なお、本発明は、上記実施形態のものに必ずしも限定されるものではなく、本発明の趣旨を逸脱しない範囲において種々の変更を加えることが可能である。
例えば、上記実施形態では、1つの画素19が3つのサブ画素18B,18G,18Rから構成される場合を例に挙げたが、本発明はこれに限定されない。例えば、1つの画素19がサブ画素18B,18G,18Rのうちいずれか2つのみを有した構成であっても良い。この場合においても、上記調整ステップを備えることで、各サブ画素領域Aに成膜ムラが抑制された機能層40を形成することができる。
また、上記実施形態では、画素電極31B,31G,31Rの膜厚をそれぞれ異ならせることで光共振器における光学的な距離の調整方法する場合を例に挙げたが、本発明はこれに限定されない。例えば、サブ画素領域Aごとに正孔注入層7の膜厚を調整することで光共振器における光学的な距離を調整してもよい。
このようにサブ画素領域Aごとに正孔注入層7の膜厚を異ならせる場合においても、上記調整ステップを用いれば、各サブ画素領域Aにおいて機能液(正孔注入層7の形成材料)の乾燥状態を揃えることができる。
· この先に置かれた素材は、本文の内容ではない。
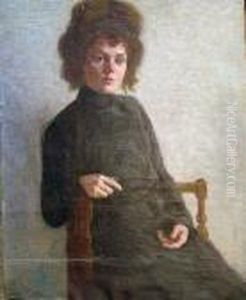 Portrait De Femme Assise / Femme Au Violoncelle by Raphael-Leon Leguilloux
よって、各サブ画素領域Aに形成された正孔注入層7を含む機能層40は、成膜ムラの発生が抑制された信頼性の高いものとなる。
Ab…サブ画素領域(第1の画素領域)、Ag…サブ画素領域(第2の画素領域)、Ar…サブ画素領域(第3の画素領域)、R1…第1の機能液、R2…第2の機能液、R3…第3の機能液、T1…乾燥期間(第1の期間)、T2…乾燥期間(第2の期間)、T3…乾燥期間(第3の期間)、24…隔壁、40…機能層、80B…有機EL素子(第1の有機EL素子)、80G…有機EL素子(第2の有機EL素子)、80R…有機EL素子(第3の有機EL素子)、100…有機EL装置、200…携帯電話(電子機器)、300…腕時計(電子機器)、400…携帯型情報処理装置(電子機器)。

Claims (14)

  1. 液滴吐出法を用いて、第1の隔壁により区画された第1の画素領域に第1の機能液を吐出するとともに、第2の隔壁により区画された第2の画素領域に第2の機能液を吐出する液滴吐出工程と、
    前記第1の画素領域および前記第2の画素領域に吐出された前記第1の機能液および前記第2の機能液を乾燥させることで、前記第1の機能液および前記第2の機能液に含まれる溶媒を取り除く乾燥工程と、を有し、
    前記液滴吐出工程において前記第1の画素領域に吐出される前記第1の機能液、および前記第2の画素領域に吐出される前記第2の機能液の液量を調整することにより、前記乾燥工程において前記第1の機能液が乾燥を開始してから乾燥が終了するまでの第1の期間と、前記乾燥工程において前記第2の機能液が乾燥を開始してから乾燥が終了するまでの第2の期間との少なくとも一部が重なるようにすることを特徴とする有機EL装置の製造方法。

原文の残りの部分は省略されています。